Dari kriteria kelima dalam pengklasifikasian kelompok maka kelompok ada yang tidak terorganisasi dan kelompok terorganisasi. Kelompok sementara memiliki kemampuan untuk berorganisasi karena kemampuan tersebut hakikatnya berpengaruh pada bentuk kemasyarakatan aktif dibandingkan bentuk kemasyarakatan pasif. Kemasyarakatan yang pasif cenderung mencegah pengorganisasian.
Kriteria keenam membagi kelompok dalam bentuk kelompok dengan paksaan yang bersyarat dan tidak bersyarat. Dalam S. Johnson (2006) dinyatakan bahwa paksaan-paksaan yang bersyarat mempunyai bentuk serba keras dan represif, misalnya hukum siksa dan penjara oleh gilda-gilda dan universitas-universitas pada abad pertengahan.
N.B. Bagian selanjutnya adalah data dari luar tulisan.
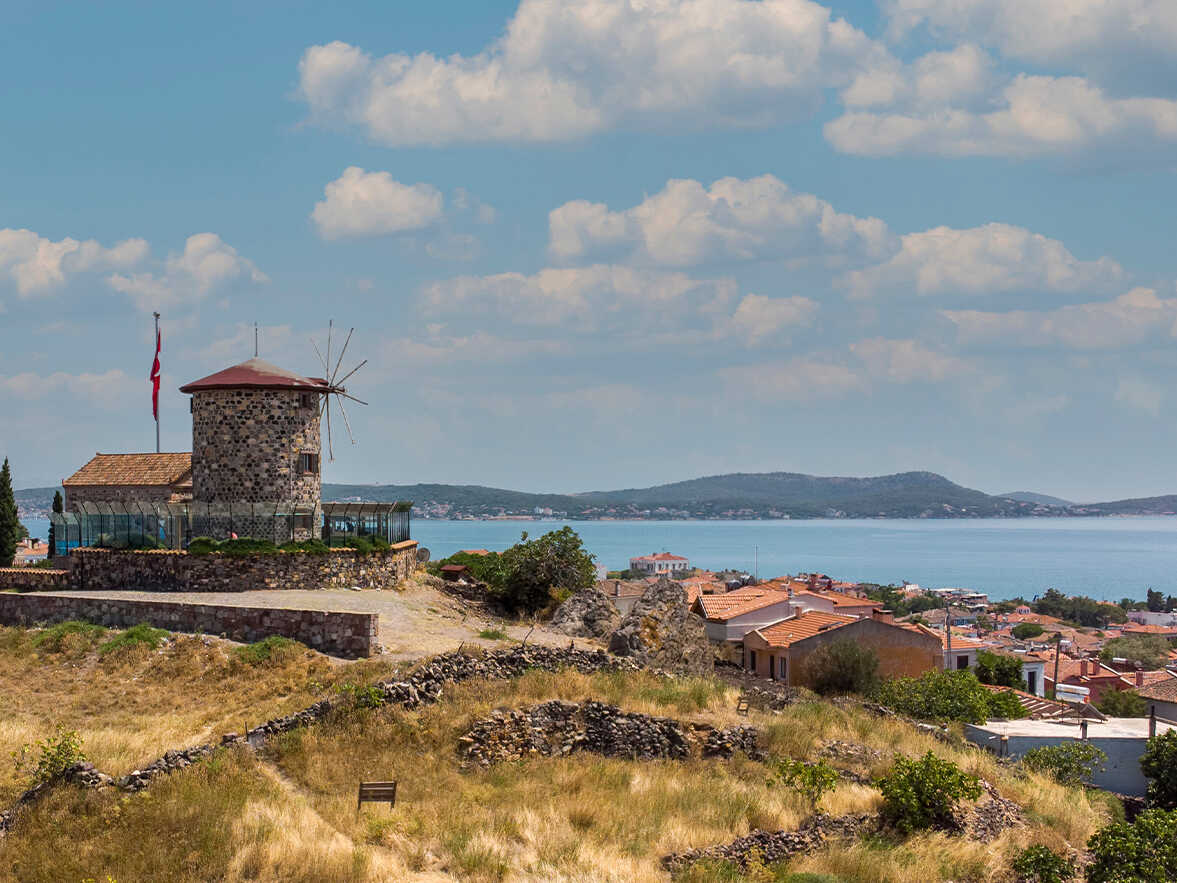 Cunda tarihi kilise ve yapılar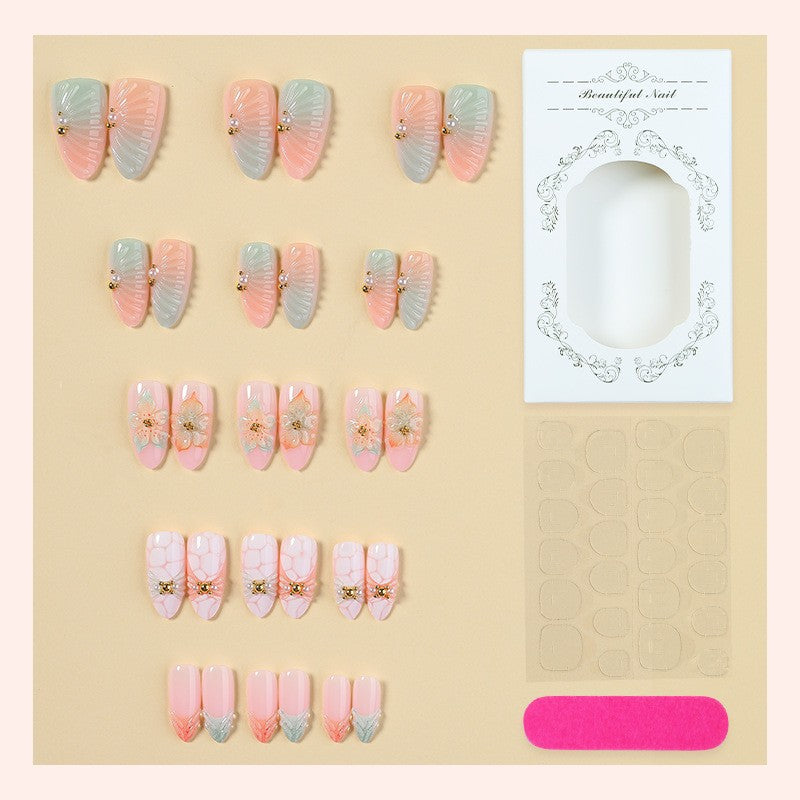 Kunstnagelset mit floralen und glamourösen Designs Karnz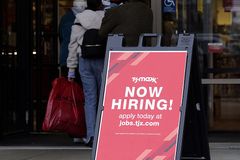 Private payrolls sink in January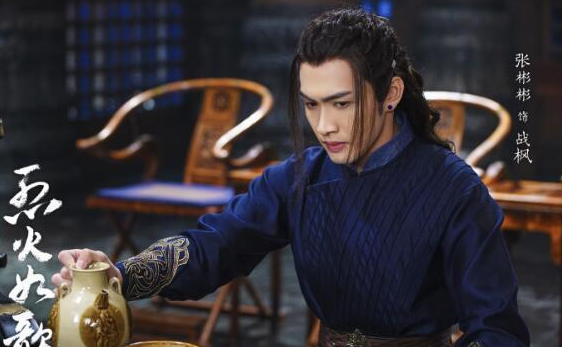 白敬亭的古装照片流出,网友:好帅!舔屏了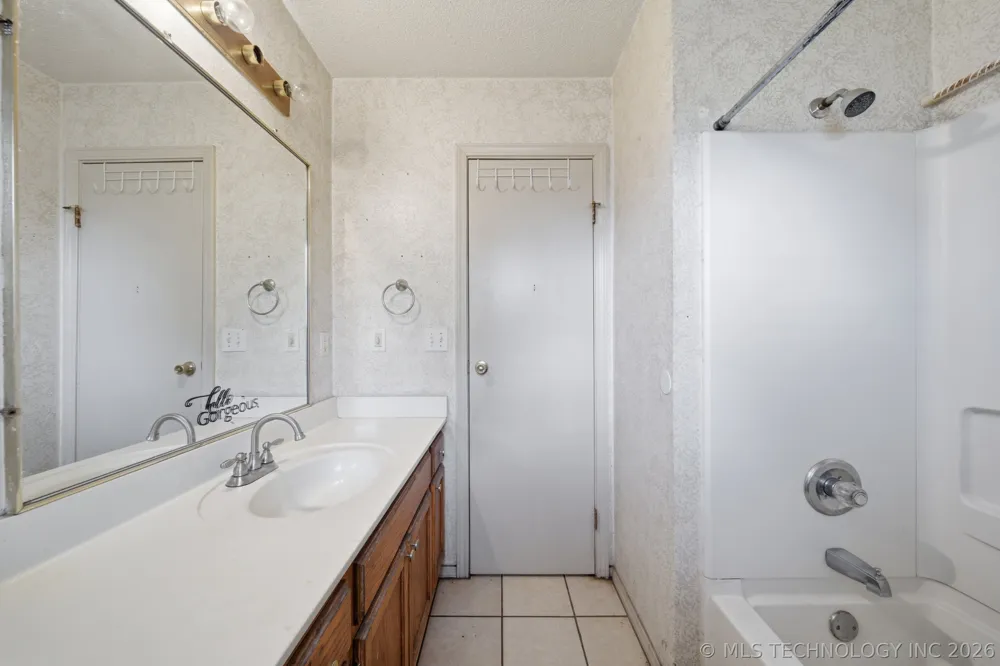 422 E 25th Street Okmulgee, OK 74447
Sedangkan paksaan yang tidak bersyarat bersifat lunak dan bersifat restitutif (mengganti kerugian) misalnya denda-denda ringan, kewajiban membayar karena menyebabkan kerusakan-kerusakan dalam hukum sipil.
Menurut kriteria jenis persatuanya maka kelompok dibagi dalam kelompok-kelompok unitaristis, federalistis dan konfederalistis. S. Johnson (2006:230) mengemukakan bahwa kelompok unitaristis, apabila organisasinya merupakan suatu sintesa langsung dari bentuk-bentuk kemasyarakatan, atau apabila sub-sub organisasi yang terdapat di dalamnya memainkan peranan kecil karena organisasi pusat menguasai mereka, misalnya segala macam desentralisasi. Kelompok federalistis, apabila organisasinya merupakan satu sintesa dari sub-sub organisasi, yakni satu sintesa yang sedemikian rupa sehingga kelompok pusat dan sub-sub kelompok senilai dalam membentuk persatuan. Sedangkan kelompok yang konfederalistis, apabila organisasinya adalah satu sintesa sub-sub organisasi yang demikian tersusun sehingga sub-sub organisasi berkuasa atas kelompok pusat.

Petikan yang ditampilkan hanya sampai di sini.